Nella serie Soulmates si immagina un ulteriore passo in là. Siamo solo 15 anni avanti nel futuro e un'azienda, la Soul Connex, ha messo a punto un algoritmo, sul quale è stato modellato un complesso test capace di individuare con totale certezza la vera anima gemella (sempre se inscritta al programma ovviamente). Così i due che si corrispondono, finalmente sanno come e dove ritrovarsi, e possono partire, anche dall'altro capo del mondo, per raggiungere la persona che finalmente li farà felici. E se nel frattempo ci siamo messi con uno trovato con il vecchio sistema e magari con lui va anche bene? Non importa, con quello scelto dall'algoritmo andrà ancora meglio. E poi la curiosità, la tentazione sono fortissime.

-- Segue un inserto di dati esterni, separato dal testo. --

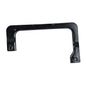 brazo-defensa-fd-f-150-central-09-11-der-42321-45629-brazo-defensa-para-ford-serie-f-2009-2011-tong-yang-42321-par-izquierdo-y-derecho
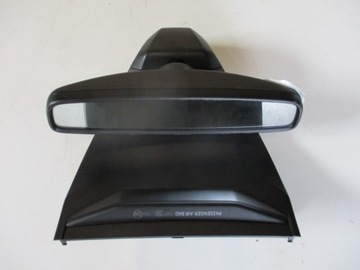 фото thumb №1, Зеркало заднего вида внутреннее vw t-roc 2ga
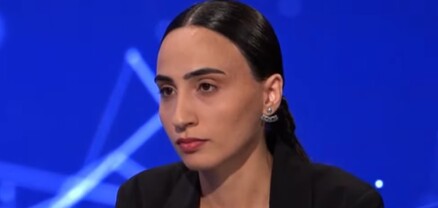 Ռազմական միջամտությունը չի բացառվում, սակայն Իրանը նախընտրում է դիվանագիտական ճանապարհը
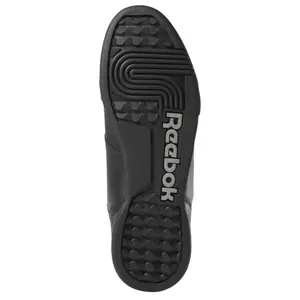 Zapatillas Reebok Workout Plus image-6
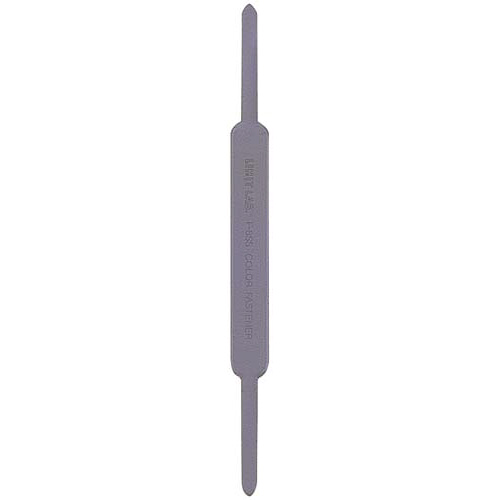 カラーファスナー　５０本入画像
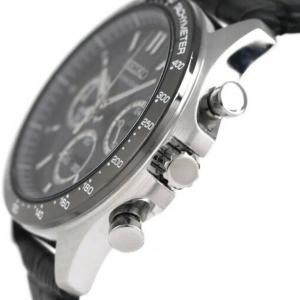 Seiko Chronograph SBTR021 Erkek Kol Saati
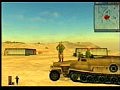 battlefield 1942 Funny Demo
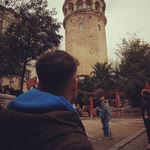 Zafer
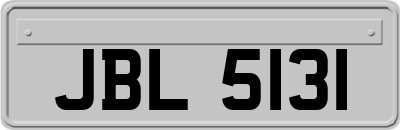 JBL5131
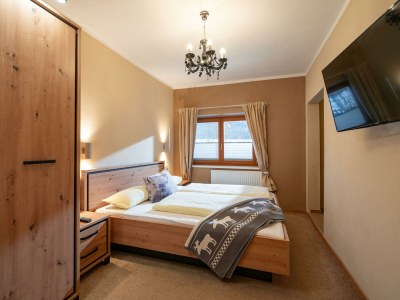 Apartment Appartement 1 "Master" - Features photo 24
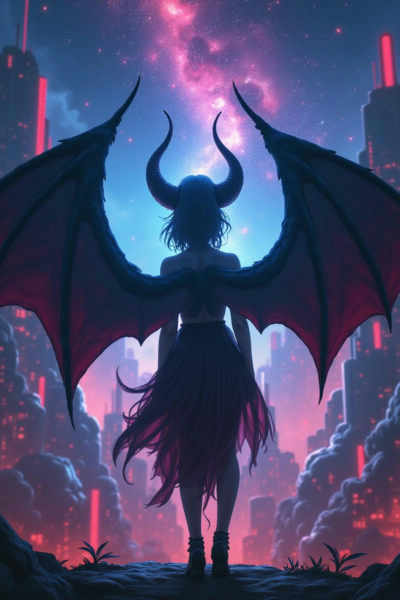 Envy Flux Wing Fix 01 - v1.0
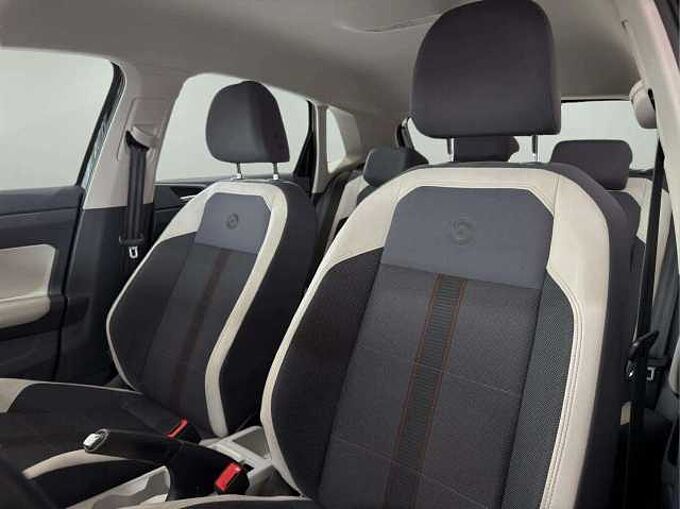 Volkswagen Polo Polo 1.0 TSi * Edition Beats * Bluetooth *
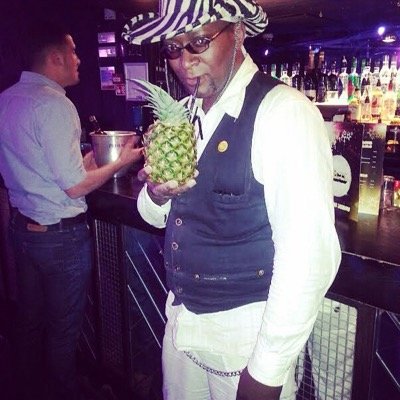 alexcash4life1's profile picture. An outgoing funky male, who enjoys the fruits of life. Seeking people who wish to make income online, also people who have knowledge,skills of online marketing.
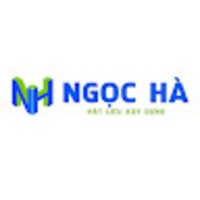 Vật Liệu Xây Dựng Ngọc Hà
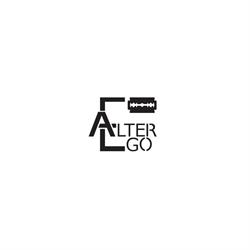 Alter Ego Coiffeur Créateur AVCM SARL, Valence - Horaires d'ouverture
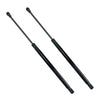 Tailgate Gas Struts (Pair) to suit Kia Cerato TD Hatchback — image 1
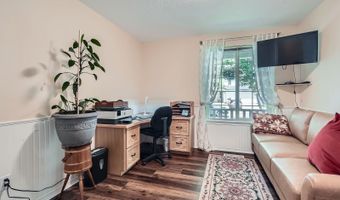 1105 NW 9TH Way, Battle Ground, WA 98604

Ma possiamo davvero fidarci delle scelte di un freddo algoritmo, ne saprà più lui di noi, dei complessi meccanismi che regolano l'attrazione, che ne sa lui di uno sguardo, di un odore, del suono di una voce? Tutte cose impalpabili, che contribuiscono a far scattare la molla dell'innamoramento. L'algoritmo però si ammanta di scientificità, solo lui può trovare la tua soulmate, quella con la quale dividerai un'intera esistenza. E verrebbe da fidarsi, perché si sa che spesso ingannevole è il cuore, più di ogni altra cosa... ben lo sappiamo, meglio allora affidarsi al cervello. Anzi a un cervellone... E infinite sono le variazioni di scenario possibili e su questo tema la serie Soulmates imbastisce una serie di storie tutte diverse, alcune più drammatiche, altre più lievi, altre malinconiche, una anche buffa, qualcuna meglio riuscita di altre, ma nel complesso tutte piacevoli e capaci di interessare.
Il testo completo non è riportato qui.